*Work item:* Could you reproduce, from the records below, everything from the line with "Bull Terrier Dog Ceramic Christmas Ornaments" down to the line with "A-line pleated hollow out long slit dress", keeping both of those lines and changing nothing?

*Available records:*
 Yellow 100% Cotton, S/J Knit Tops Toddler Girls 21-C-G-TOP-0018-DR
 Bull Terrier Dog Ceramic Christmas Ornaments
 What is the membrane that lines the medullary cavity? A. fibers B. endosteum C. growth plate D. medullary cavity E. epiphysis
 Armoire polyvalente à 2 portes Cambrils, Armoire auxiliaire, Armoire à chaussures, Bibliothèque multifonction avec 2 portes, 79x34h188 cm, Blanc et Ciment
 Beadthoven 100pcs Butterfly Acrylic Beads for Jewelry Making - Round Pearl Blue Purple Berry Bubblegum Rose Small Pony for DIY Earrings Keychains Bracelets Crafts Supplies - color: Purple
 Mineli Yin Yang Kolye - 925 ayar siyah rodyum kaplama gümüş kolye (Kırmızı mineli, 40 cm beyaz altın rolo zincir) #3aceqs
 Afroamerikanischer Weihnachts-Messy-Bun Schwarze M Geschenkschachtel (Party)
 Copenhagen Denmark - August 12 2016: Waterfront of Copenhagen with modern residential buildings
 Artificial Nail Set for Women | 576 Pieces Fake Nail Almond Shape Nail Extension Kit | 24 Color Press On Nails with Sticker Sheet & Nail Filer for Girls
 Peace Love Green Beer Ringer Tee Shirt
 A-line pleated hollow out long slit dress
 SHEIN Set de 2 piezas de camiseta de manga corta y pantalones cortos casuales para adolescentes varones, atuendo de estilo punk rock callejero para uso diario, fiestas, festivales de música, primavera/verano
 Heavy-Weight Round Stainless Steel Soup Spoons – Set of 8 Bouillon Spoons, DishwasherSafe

*Solution below:*
 Bull Terrier Dog Ceramic Christmas Ornaments
 What is the membrane that lines the medullary cavity? A. fibers B. endosteum C. growth plate D. medullary cavity E. epiphysis
 Armoire polyvalente à 2 portes Cambrils, Armoire auxiliaire, Armoire à chaussures, Bibliothèque multifonction avec 2 portes, 79x34h188 cm, Blanc et Ciment
 Beadthoven 100pcs Butterfly Acrylic Beads for Jewelry Making - Round Pearl Blue Purple Berry Bubblegum Rose Small Pony for DIY Earrings Keychains Bracelets Crafts Supplies - color: Purple
 Mineli Yin Yang Kolye - 925 ayar siyah rodyum kaplama gümüş kolye (Kırmızı mineli, 40 cm beyaz altın rolo zincir) #3aceqs
 Afroamerikanischer Weihnachts-Messy-Bun Schwarze M Geschenkschachtel (Party)
 Copenhagen Denmark - August 12 2016: Waterfront of Copenhagen with modern residential buildings
 Artificial Nail Set for Women | 576 Pieces Fake Nail Almond Shape Nail Extension Kit | 24 Color Press On Nails with Sticker Sheet & Nail Filer for Girls
 Peace Love Green Beer Ringer Tee Shirt
 A-line pleated hollow out long slit dress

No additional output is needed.